But this operation, named Commando Wrath, didn’t feel like that.
We’re fucking awesome, but we’re not fucking miracle workers, Walton thought.
The whole team’s discomfort was palpable. He and Ford had several conversations. They had tried to hide their misgivings, but in private they all came out. Not only did the basic tactical plan of attacking up a mountain not work, but it was unclear how they would evacuate casualties or which unit was going to act as reinforcements if things went badly.
“There is no fucking medevac plan here. This is not good,” Ford said.
Walton took his and Ford’s concerns to Fletcher, urging him to take them up with Ashley and higher if necessary.
But at every level he got the same answer: You’re going to do it.
Staring into the monitor at the village sitting on top of the mountains, he wasn’t sure a Ranger battalion or a battalion of paratroopers from the 82nd Airborne could do this mission, let alone three Special Forces teams and one hundred Afghan commandos.
After rehearsing it again the day before, they all had the feeling that it was going to be a weather call again.
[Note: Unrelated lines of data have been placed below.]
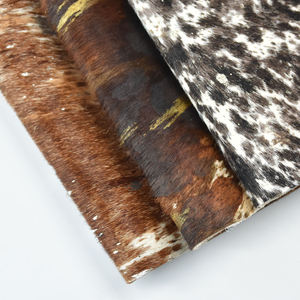 Material de Cuero de Crin de Caballo 25 SF al por Mayor, Cuero Genuino con Estampado Animal, Tela de Cuero Vacuno para Zapatos y Bolsos - Product Image 5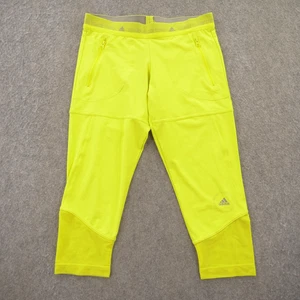 Adidas X Stella Mccartney Leggings Mujer Pequeño Amarillo Corto Capri Nuevo - Imagen 1 de 15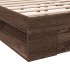 Cama con cajones madera de ingeniería marrón roble 135x190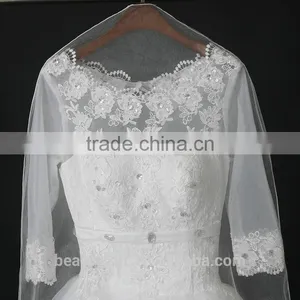 Long Luxuriant Wedding Dress Cover Garment Bag Wholesale WB03 thumbnail-5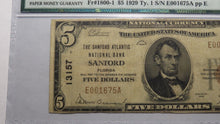 Load image into Gallery viewer, $5 1929 Sanford Florida FL National Currency Bank Note Bill Ch. #13157 VG10 PMG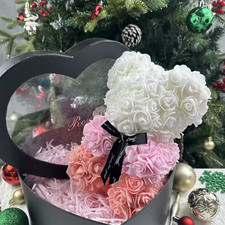 Forever rose teddy bear pink - forever, bear,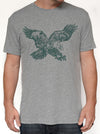 EAGLE SKYLINE HEATHER GREY UNISEX TEE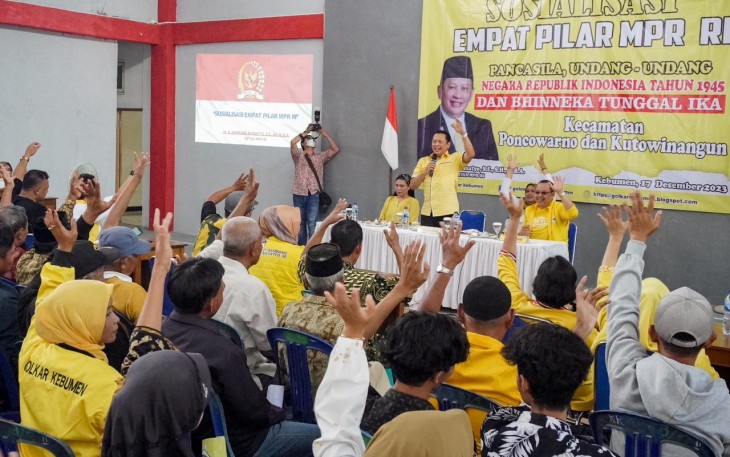 Bamsoet dalam Sosialisasi Empat Pilar MPR RI 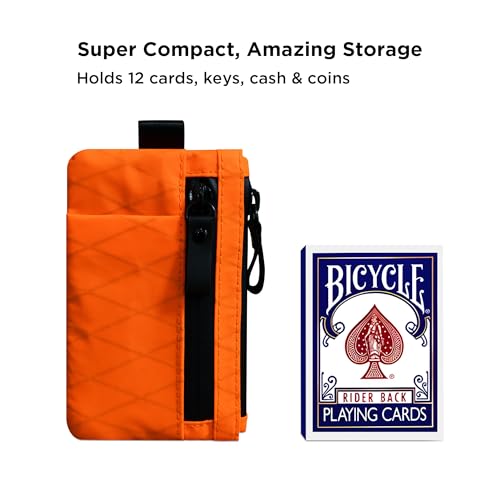 ALPAKA Zip Pouch Pro - Minimalist Zipper Wallet - with RFID Blocking ID Card Holder Wallet with Zipper for Men with Multi-tool Slot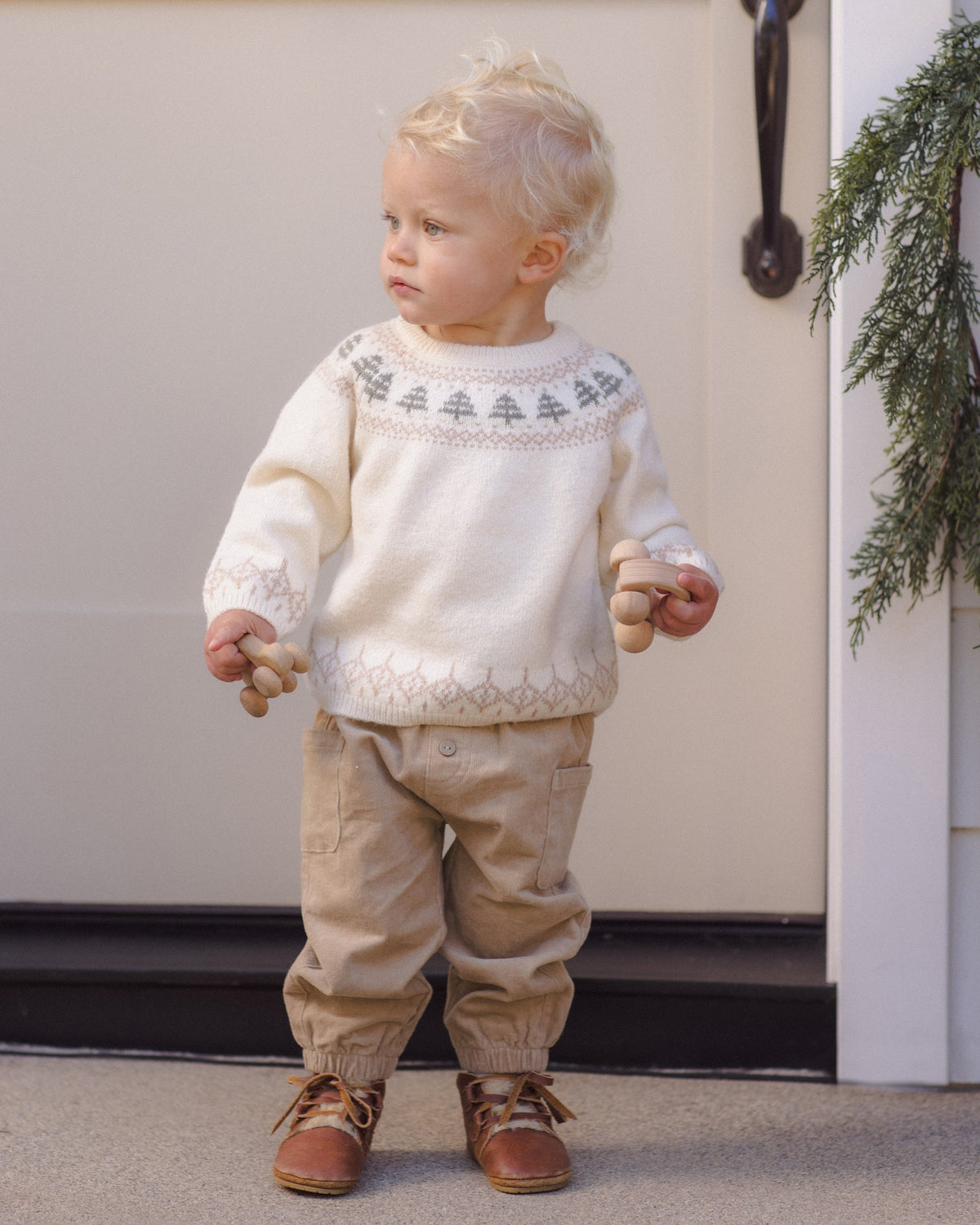 Rex Sweater Tree Fair Isle - Rylee + Cru | Kids Clothes | Trendy Baby Clothes | Modern Infant Outfits |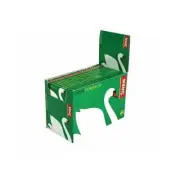 Swan Green Standard Size Corner Cut Cigarette Rolling Papers - 50 Booklets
They were prepared to go, but everyone, in the back of his mind, believed the mission would be halted.
But when Walton walked into the operations center and examined the Predator feeds—when he saw they weren’t going to make a change off the live intelligence—the captain knew the mission was a go.
Grabbing Fletcher, who had walked into the operations center, Walton tried one more time to spike the mission.
“The intel you have is not fucking accurate. And now I have to contend with landing in a freaking river,” Walton told Fletcher. “Hey, is this an abort call?”
All missions had abort criteria in place so commanders could halt an operation instead of moving forward just because they had assets in place—aircraft, men, and equipment.
He hoped to convince Fletcher to call Ashley and abort the mission. It was clear to Walton.
The intel was bad.
The weather was bad.
The whole thing felt like a setup.
Abort.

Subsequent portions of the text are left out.